A British scholar untangles one of the most infamous pieces of American foreign-policy legislation.
Sexton (American History/Corpus Christi Coll., Univ. of Oxford; Debtor Diplomacy: Finance and American Foreign Relations in the Civil War Era, 1837–1873, 2005, etc.) demonstrates the haphazard formulation of what has become known as the Monroe Doctrine (1823), and examines how its interpretations altered during the next 100 years, as the once-weak United States became a global power. Fearful that Spain might exert hegemony on the American continent through military might, President James Monroe, in a message to the U.S. Congress, stated that his country would consider any intervention by European nations as a threat.
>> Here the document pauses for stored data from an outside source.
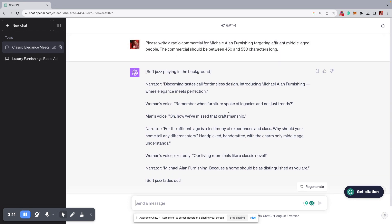But anyways, you can write these ads in here, whether it's ChatGPT 4 or 3.5, copy and paste them into your production order, and boom, you've got an ad done in minutes.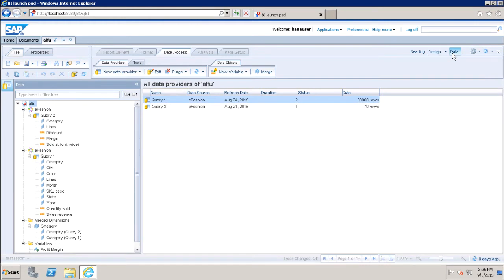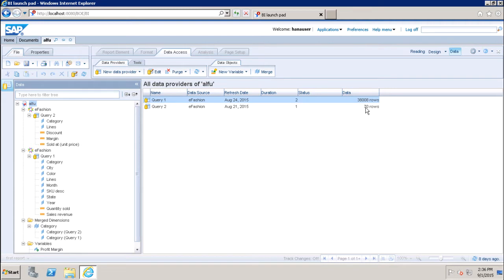If I click on the data mode, you can see which data sources are used to create this report — including the name of the data source, the refresh date, the duration, the status, and how many rows we are getting from each. In data mode, it shows the list of all available data providers, and all the toolbar options are disabled. You will only be able to see the options to manage your data providers.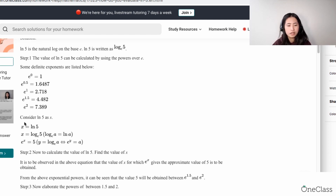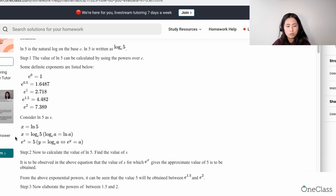If you have ln(5) as x, then x is equal to ln of 5. Because you know that ln, which is the natural log, can be written as log base e, then you have 5 over here. The reason why they have e raised to the power of x is because to get rid of log base e, you need to raise both sides with e.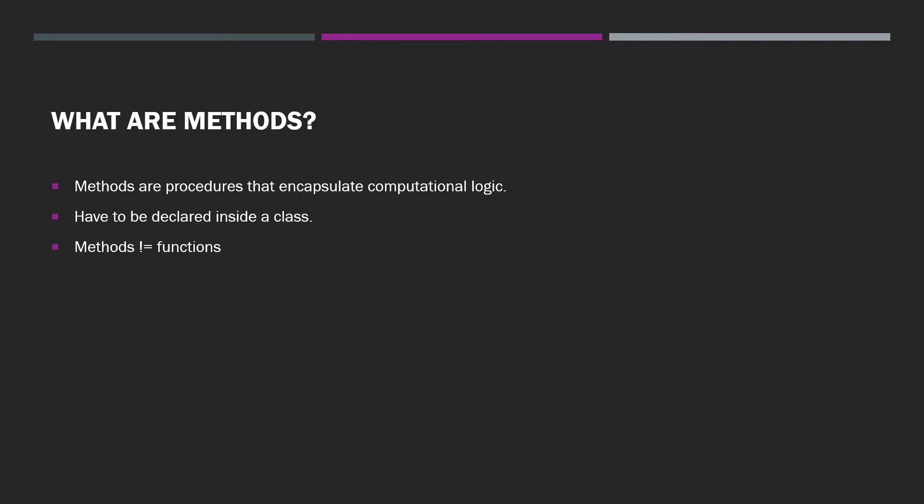Technically, a method is an object-oriented programming concept. A method lives inside a class. It's part of that class. It's a class member. Functions, on the other hand, do not live inside classes. Functions are standalone procedures that live outside the domain of a class.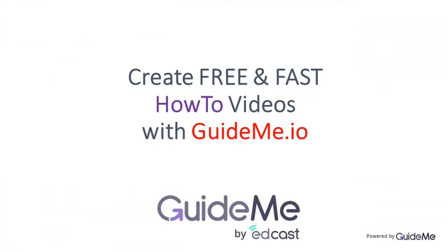Thank you for watching. Create your own free and fast how-to videos via GuideMe.io. Try today for free. Visit GuideMe.io. Thank you.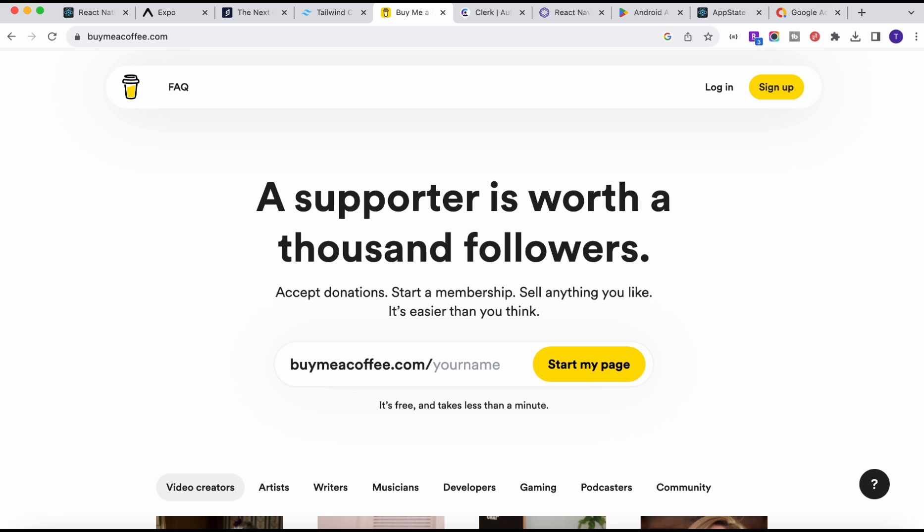Before any further delay, please subscribe to my channel if you haven't already, join the channel, like this video, and share it. If this video gets 1000 views, I'll post the next video immediately. See you in the next video!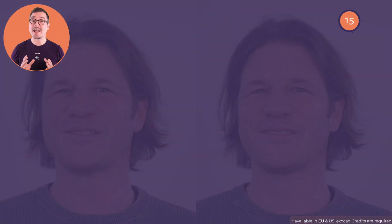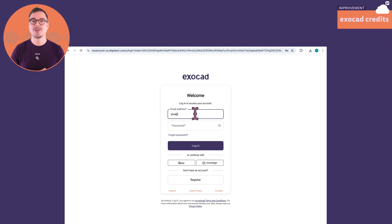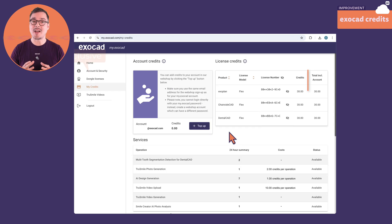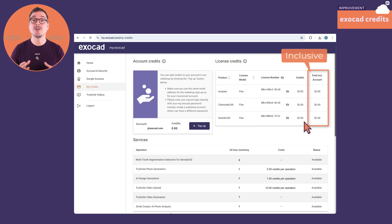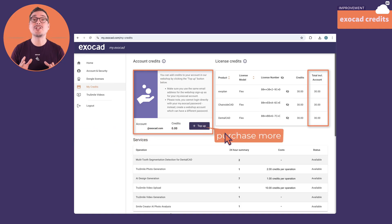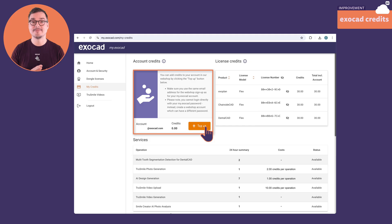You can start right away. At the beginning of each month, your Exocad license may get a bunch of free credits depending on your type of contract and location. After you spend your free amount, you can top up your credits on myexocad.com by purchasing more if needed.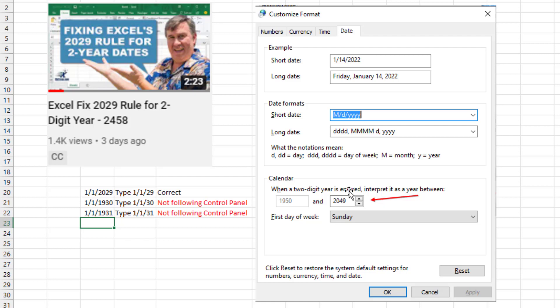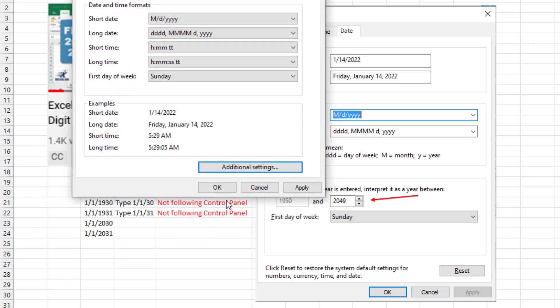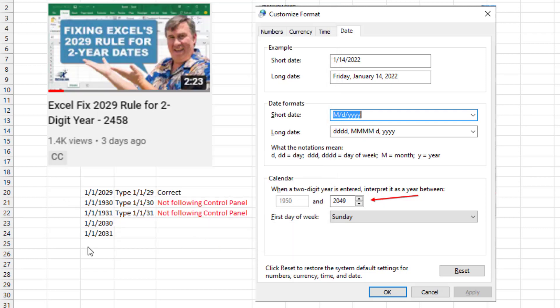You actually have to go back into control panel, watch the other video to get there, and then change it to anything. 2050? Even if you can change it to 2050 and then back to 2049, and then it starts to work again. But if you just leave it at 2049, they're going to keep the 2029 rule.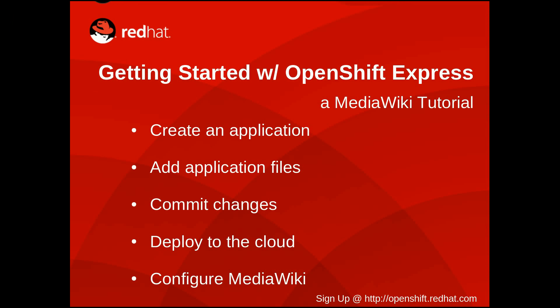The steps for deploying MediaWiki require creating a PHP application in Express, adding the MediaWiki code to the new application, using Git to commit the changes to your application's repository, pushing those changes to the cloud, and running through the MediaWiki configuration wizard.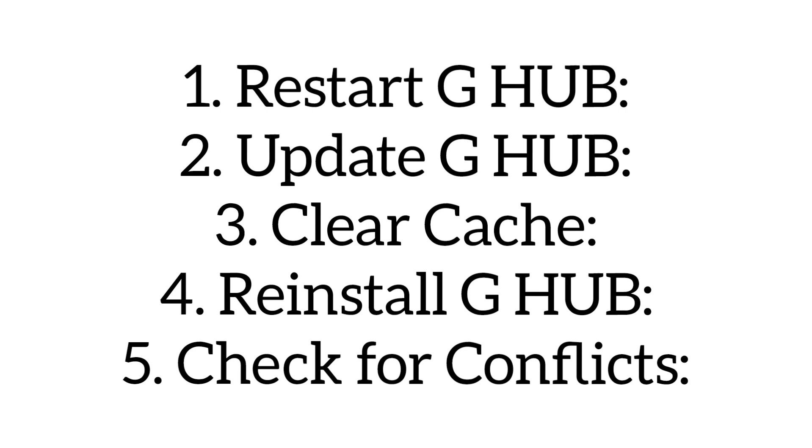Update G HUB. Make sure you have the latest version of the software.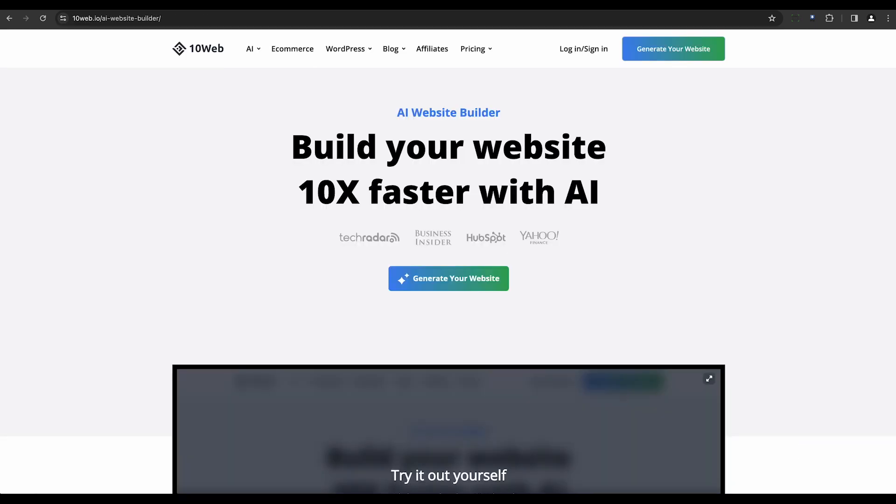Next up is 10Web. It cleverly merges WordPress flexibility with AI, making website creation a task that can be completed in minutes.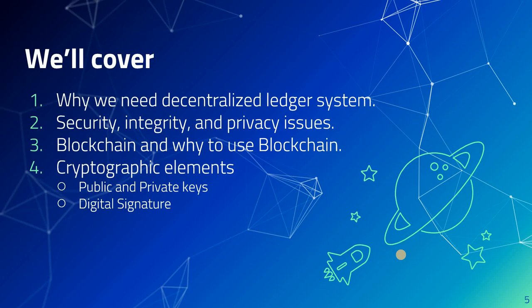In this series, we will cover why we need a decentralized ledger system, why security, integrity and privacy are top priorities at this moment and how they relate to blockchain. We will slightly touch on the theoretical aspects of blockchain and why to use blockchain.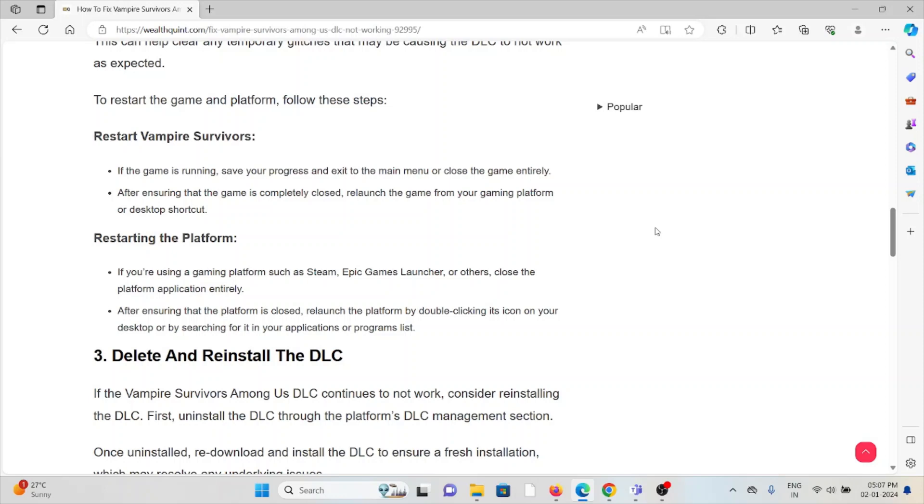Restart the platform. If you're using a gaming platform such as Steam, Epic Games Launcher, or others, close the platform application entirely. After ensuring that the platform is closed, relaunch the platform by double-clicking its icon on the desktop or by searching in your application or program list.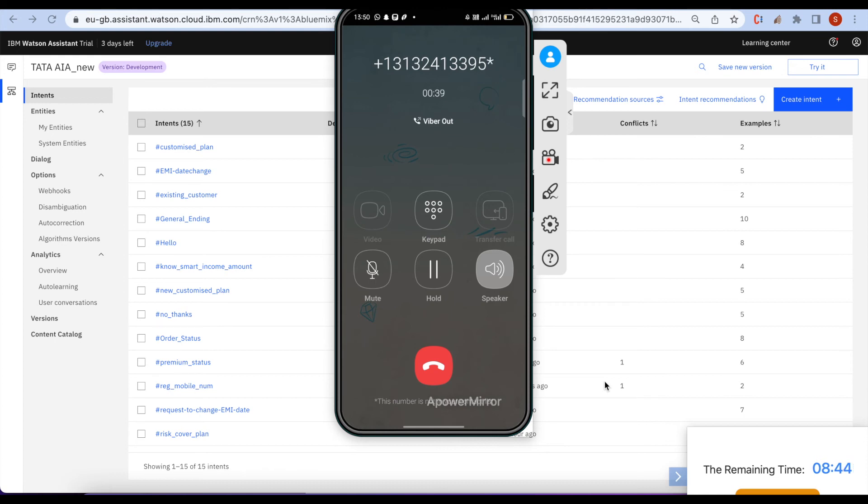To verify your identity, please enter the six-digit OTP sent to your registered phone number.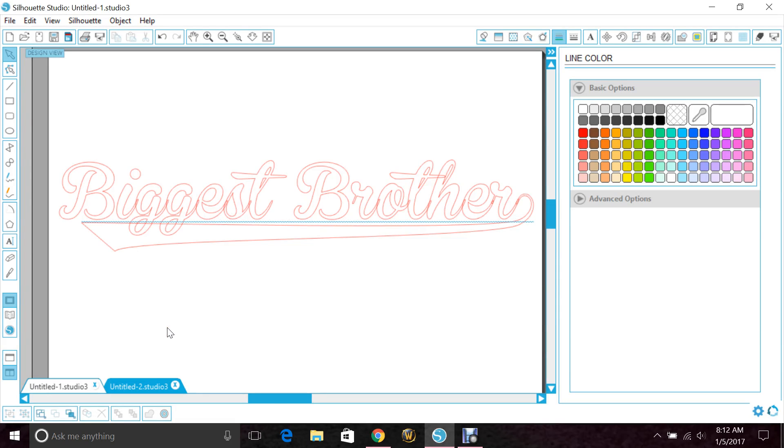Good morning, everyone. I'm going to do a quick tutorial on the font Brand Ball.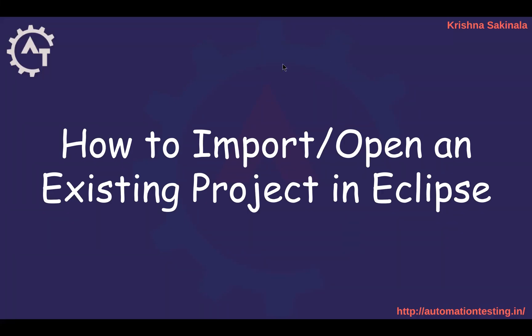Hi, in this video we will see how to import or open an existing project in Eclipse.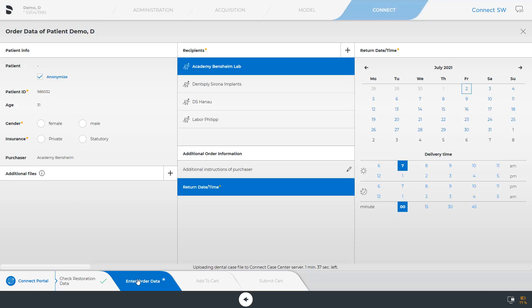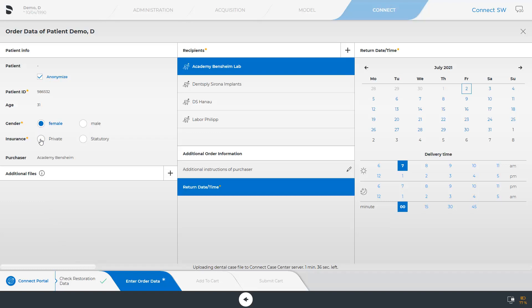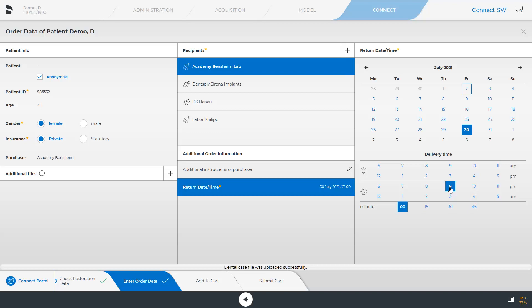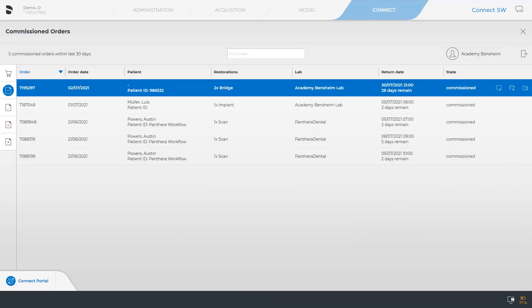Atlantis superstructures can only be ordered from your partner lab. Depending on the partner lab, this step can look different since the order information can be modified by the lab. All fields marked with an asterisk are mandatory fields which we will quickly complete. In the meantime, the case data have been successfully uploaded so that now we can transmit the case to the lab by clicking Submit Cart. The state shows that the case has been ordered.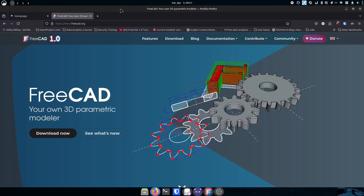It's your open source advocate and I'm back with another video. Today I wanted to talk about FreeCAD. If you've never used a computer aided design system, you may not understand what FreeCAD is, but if you have, you might be familiar with Autodesk AutoCAD, Fusion 360 — those are all from Autodesk.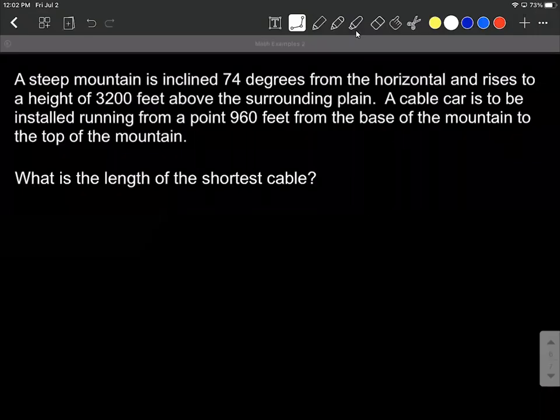Nice mathematical modeling problem going on here. I have two different solutions to help you out, two different ways to approach the same problem. So let's read through it, draw a picture, and talk through it together. We have a steep mountain inclined 74 degrees from the horizontal and rises to a height of 3200 feet above the surrounding plane. A cable car is to be installed running from 960 feet from the base of the mountain to the top. All we want to know is the length of the shortest cable.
Sexton claims that what seemed like a straightforward message to foreign nations actually came across as both ambiguous and paradoxical, a fusion of anti-colonialism and interventionism. Monroe lacked a reasonable plan for halting European expansion in the Americas. Furthermore, the president remained silent on whether the doctrine would constrain the United States from its own expansion plans within the Americas and abroad. Disagreements about the Monroe Doctrine became especially poignant during the Civil War, as the North and the South invoked the iconic statement to suggest either the end, or expansion, of slavery around the world. Partisan politics extending beyond anti-slavery and pro-slavery camps placed marks on the doctrine, as politicians and diplomats twisted the original tenets for ideological purposes. By the time Theodore Roosevelt became president in the early 1900s, he had altered the Monroe Doctrine so that it served as a rationale to intervene anywhere around the globe. Woodrow Wilson thought of it as an instrument of peace, but U.S. participation in European affairs during World War I undermined a non-interventionist philosophy.
A plainspoken history book demonstrating subtleties galore.